I used both, both mostly with Java. I don't think it makes that much of a difference. Complex queries are hard either way. Data migrations have challenges in both. And not having an explicit schema in Mongo can speed things up at first, but also causing problems later when you want to change it.

 

Yup, i think MongoDB comes from using it for the data science field. Whereas Postgres is for a general use case point of view I guess. As from what I know, people who use MongoDB uses it for Data Science work than your typical use case like a normal web application.

 

I sort of agree. But also, having had to work with both PostGRES and Mongo in the same company, on the same product, as a Data Scientist, my experience was more: "Do I actually have to go to the Mongo DB in order to get [business report]? Can't we work around it by: [getting data from api/event bus]".

The reason is that most data science work relies on relations between data. We're not looking to find the 'one record that fits these criteria', we're trying to encapsulate the full scope of nearly all the data. I don't think I've ever done a job without needing 50-99% of all the records in a specific table in relation to 1-10 others. Doing that kind of work on Mongo is sort of a pain.

The other aspect is most data science processes focus on matrix like objects. Python tends towards Pandas/ numpy arrays for object representation, which are relatively analogous to a table in a database, and R has this kind of feature built into the base language with data.frames. Most ML will assume you pass it table like records.

There may be an argument that human written, free text based NLP might be a good fit. However, you will probably start an NLP still with tables of the frequency of the word turning up like in this project by by buddy Dom where he predicts Gross price of theatre tickets by doing NLP on the reviews of different shows

 

MongoDB as write / eventstore
CouchDB as distributed mobile database
PostgreSQL for general purpose application
Elasticsearch for full text search

When using NoSQL make sure you don't need any relation to the data e.g: post, article, log, comment, notification.
Otherwise, switch to SQL.

MongoDB joins are slow because they're not indexed (CMIIW tho). I used MongoDB for production and avoid joins at all cost.

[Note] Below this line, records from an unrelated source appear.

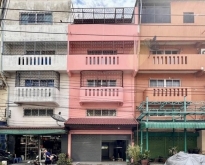 อาคารพาณิชย์ 3 ชั้นครึ่ง 28.1 ตร.ว. ม.วิเศษสุขนคร18 ประชาอุทิศ79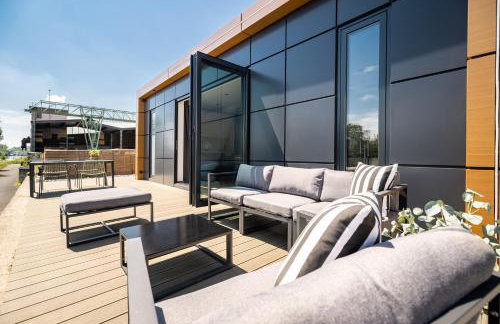 Tiny House mit Sauna - am Main - Foto 3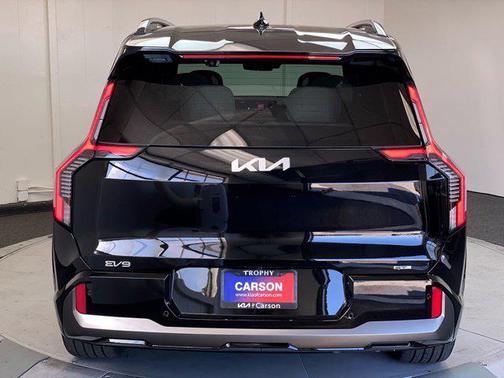 2026 Kia EV9 GT-Line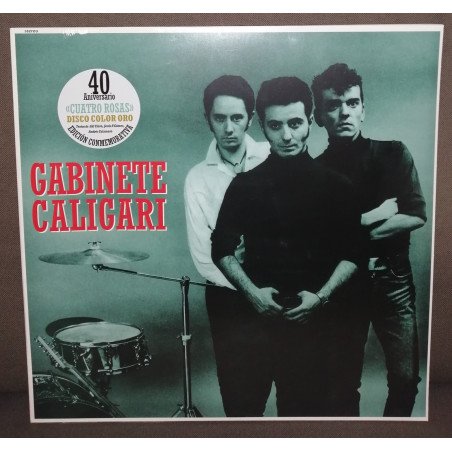 Gabinete Caligari - Cuatro Rosas
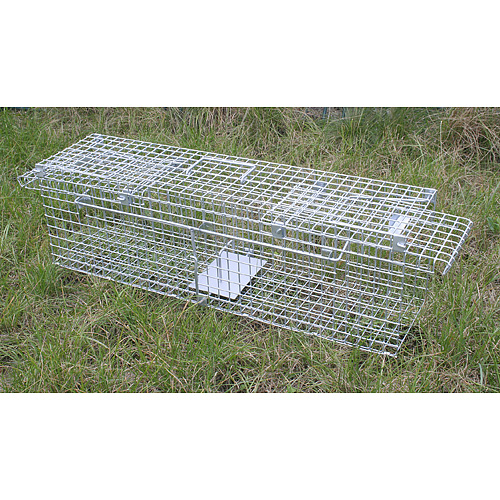 Capcana pentru sobolani, Strend Pro Max Wiretrap90, dimensiune 90x18x23cm, 2 intrari [1]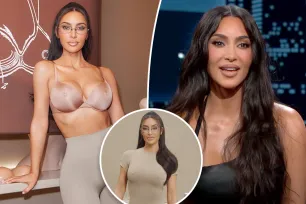 If you bought the Skims nipple bra, you’re wearing an exact mold of Kim Kardashian’s own breasts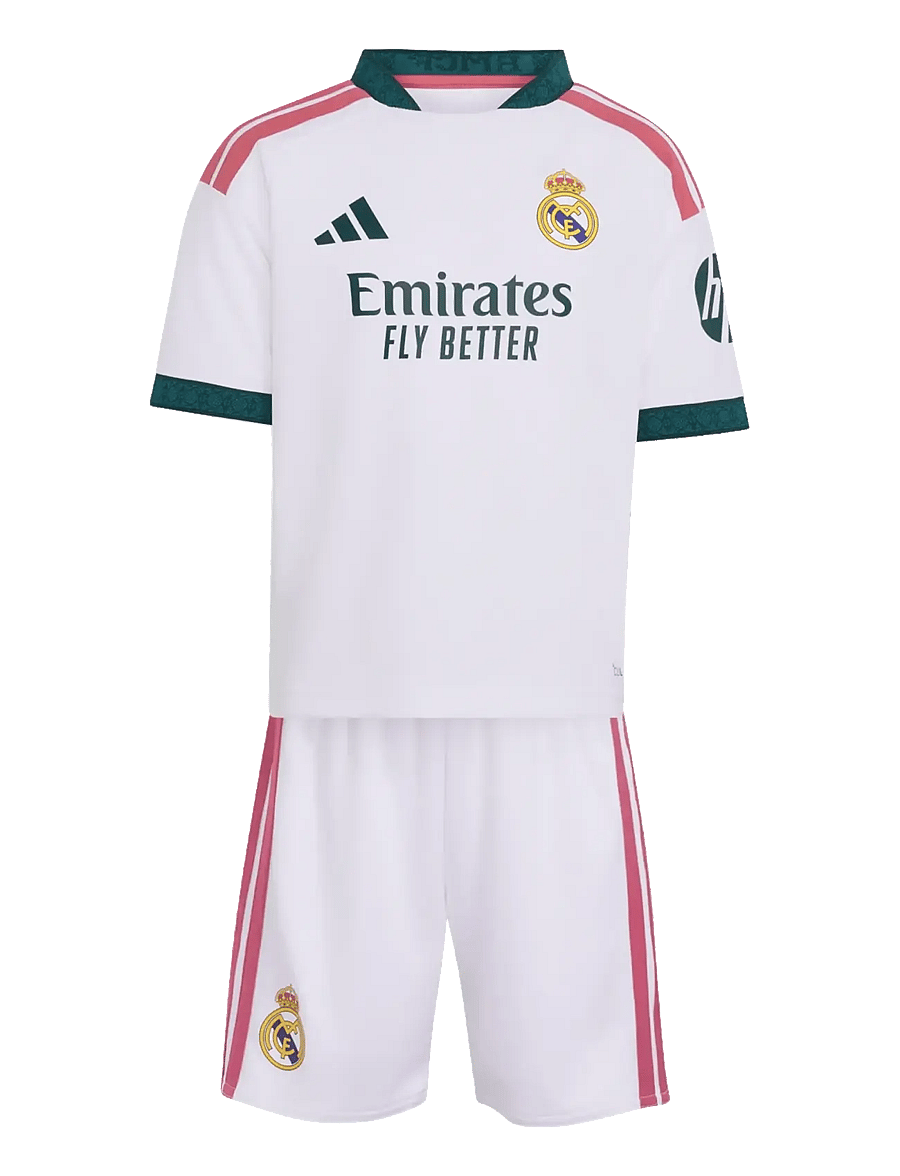 adidas Performance - REAL H MINI - 2-piece sets - white - 1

Flexibility of query in SQL can sometimes be a bad things where engineers design bad relation and write slow complicated query.
Used postgres for a year and I like it tho, especially the JSON data type. The schema system is a bit weird compared to MS SQL.

 

pgsql + jsonb + indexes = mongodb on steroids... without the mongodb part😜

 

And now you can also have indexes on JSONB expressions 🔥

 

I pretty much agree with the statement that "There is nothing Relational cannot do over a nonrelational DB".

But I was working in a company which owns a famous Property Portal where we sell custom made portals based variety of features.
These Features include, search on any field in the entity or database.

If we chose Relational DB for this, creating indexes and taking peculiar measures would be much expensive and harder. This is why we went for Elasticsearch.

 

I agree with most of the answers here saying relational dB is best compared to no sql

I still wonder how discord is able to perform well with no sql db(Cassandra)

 

What do you mean by "well" anyway?

  • I am quite sure it is "enough".
  • If there no problem, don't fix it.
  • Not even sure SQL is easier to maintain / scale than NoSQL. NoSQL was built to address these kind of problems, but I am not sure they succeeded.
 

Question: What are some zero-friction cloud hosting services for PostgreSQL, similar to MongoDB Atlas/mlab?
(Please share your experience if any.)

 
 

If you quickly need something to work, spin up a docker image. No brainer.

 

If you know how to use. Even if it is bamboo, it is unrivaled.